Automated data curation processes to convert textual legal data into either state-action-reward tuples, or contextual constraints for shaping candidate action choices conditional on the state, is an important frontier in this research agenda (and promising for application to case law text data, contracts, and legal training materials). General AI capabilities research has recently found that learning from textual descriptions, rather than direct instruction, may allow models to learn reward functions that better generalize. Fortunately, much of law is embedded more in the form of descriptions and standards than it is in the form of direct instructions and specific rules. Descriptions of the application of standards provides a rich and large surface area to learn from.

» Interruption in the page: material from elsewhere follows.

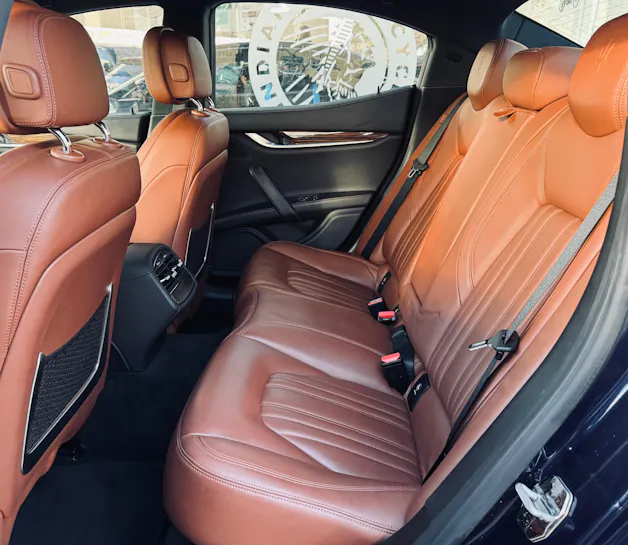 Maserati Ghibli D 3.0 V6 Automatica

Textual data can be curated and labeled for these purposes. We will aim for two outcomes with this labeling. First, data that can be used to evaluate how well AI models understand legal standards. Second, the possibility that the initial “gold-standard” human expert labeled data can be used to generate additional much larger sets of data through automated curation and processing of full corpora of legal text, and through model interaction with human feedback.
I think your statement:
is spot on. That is how I was thinking about it, but I should have made that more clear; perhaps I should work on a follow-up post at some point that explicitly explores the intersections of Law Informs Code with other strands of alignment research. Some of this is in the longer form version of this post, but with this inspiration from you, I may try to go further in that direction (although I am already beyond the length the Journal editors want!).